Understanding mental fatigue

If you’re going through hell, keep going.

Churchill

As chess players, we get tired as we play long games, and are more likely to make mistakes when tired. What is fatigue? How to slow down the onset of fatigue? Let’s have a look at the bio-psycho-social model of endurance performance.

Bio-psycho-what?

How we act when going through strenuous effort is affected by physiological and psychological factors. Let’s describe things as simple as possible.

The perception of effort is how hard it is for us to be focused and play. This goes up with time. Calculating long lines with clarity is initially easy, but how easy is it after 2 hours? After 4 hours? After 6 hours? It gets progressively difficult. For a runner, the runner would simply stop running, the ‘stopping’ point for chess is more difficult to define, let’s simply say that we can’t perform the calculation satisfactorily anymore. 

Motivation is the next critical component of the model. If a player is in a must-win position on the last round of an important tournament, they will be more motivated. You will call it quits more quickly in an informal analysis session than playing a world champion in a simul.

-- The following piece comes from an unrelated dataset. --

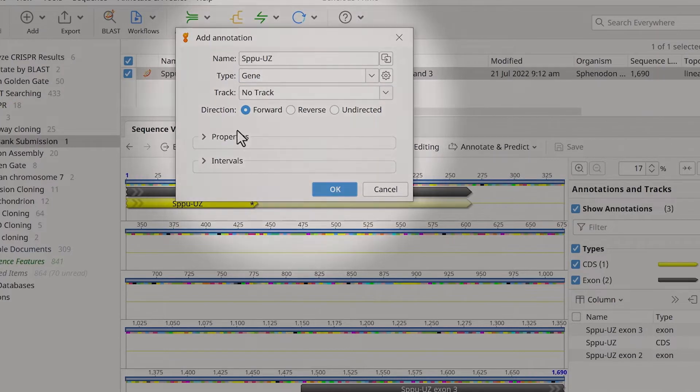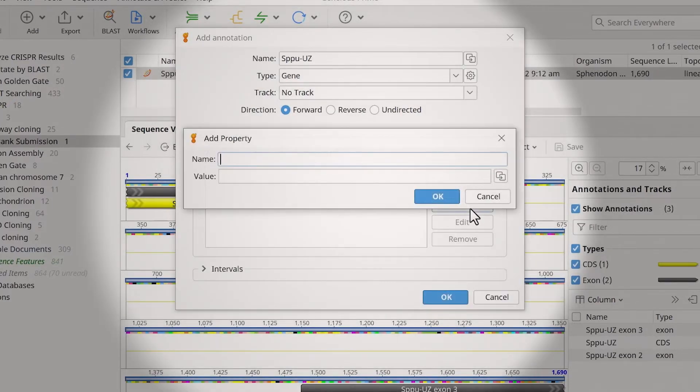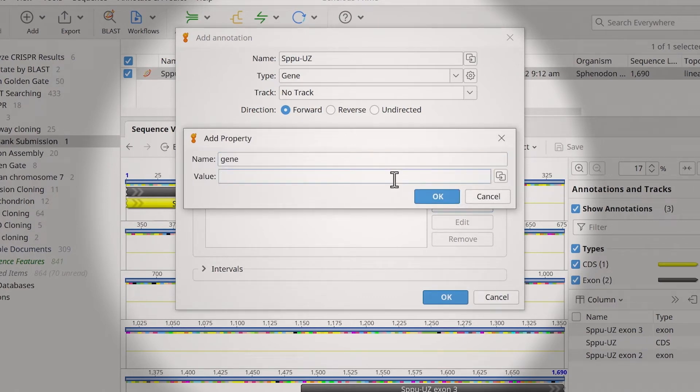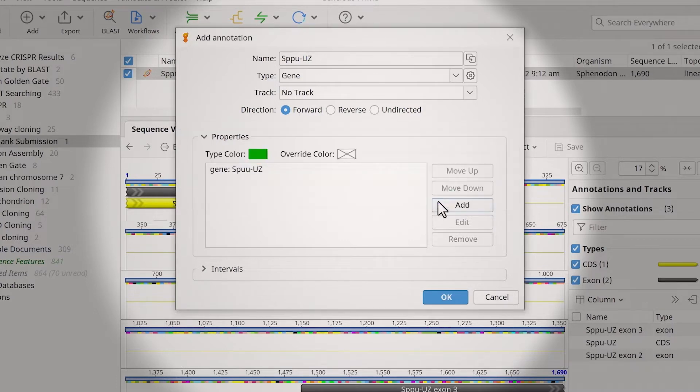Gene annotations also require a gene qualifier. To do this, expand the properties options and click Add. For the name, enter Gene with a lowercase g. Qualifier names are case-specific. If not typed correctly, they will generate errors during submission. For the value, add the gene name and click OK.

The following graph shows the time to exhaustion, which is basically the amount of ‘good play’ available. This will be from one to many hours.

Motivation

Raising motivation is one way to increase the amount of good play available. This is in a way also a difficult variable to modify as it depends so so strongly on external factors. Self-talk and imaging techniques are available to bring a player into ‘the zone’ but it won’t alone bring world-champion championship-level motivation. There are limits to imagining that your long Sunday jog is the marathon des sables. 

Perception of fatigue

Physical fitness

Physical fitness, physical fatigue, and mental fatigue are intimately linked. This is a subject of fascinating neuroscientific research and I link below a chess dojo where Kostya allowed me to bring in and interview researcher and expert Jeroen Van Cutsem (this is also available in podcast form). 

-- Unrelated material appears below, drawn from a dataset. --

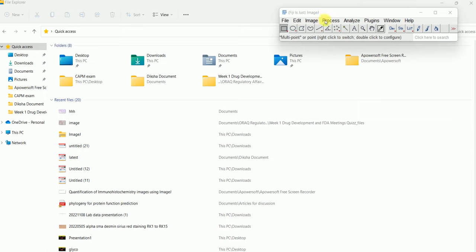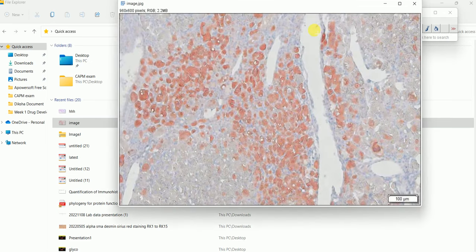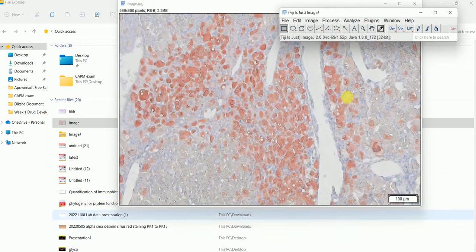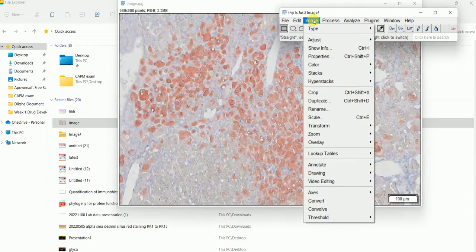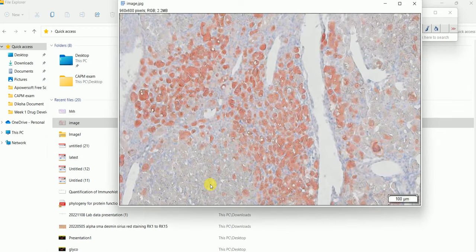For the image from which you want to count the number of positively stained cells, you just have to drag and drop that image into the image software. After dragging and dropping, you have to go to Image, because in this image these red particles are the positively stained particles. The red area is the positively stained area and we want to count the number of cells present in this red area.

What we need to know: physical fitness does help with mental fatigue. Do a sport, move around, the best kind of exercise is the one that you like to do regularly

The elephant in the room: training

How to reduce the perception of effort for running? Start running regularly. How to reduce the perception of effort for chess? Play chess regularly. But let’s be clear about the principle of specificity here: you need to train for the effort you have to make. Watching 2 hours of youtube videos is not the same as calculating for two hours straight. It would be unrealistic only to run short distances and expect to run a great marathon. It is equally unrealistic to expect to play well for 5 hours straight OTB if the hardest playing or analysis session beforehand was 1 hour. Players need to train mentally in a challenging way so as to withstand the high demands of competition. What is the closest activity to playing classical time control? Analysing games and solving studies: the timeless advice of the soviet school of chess. No surprises here.

I need to mention the use of psychological techniques like positive self-talk to be quite efficient in reducing fatigue in endurance sports. Especially third person “you can do it” is more effective than first person “I can do it”. This topic crosses over to the general psychological preparation of the chess player. 

The exogenous aids

There is evidence of creatine helps push mental fatigue as it is a direct source of energy for neurons (there is now new evidence of it improving memory). 

Jeroen discusses various things such as swirling caffeinated drinks in one’s mouth (and spitting!) or the role of smells. These are I think not as impactful as the other main topics discussed here

Summary of key takeaways

To improve mental fatigue, decrease the perception of effort. 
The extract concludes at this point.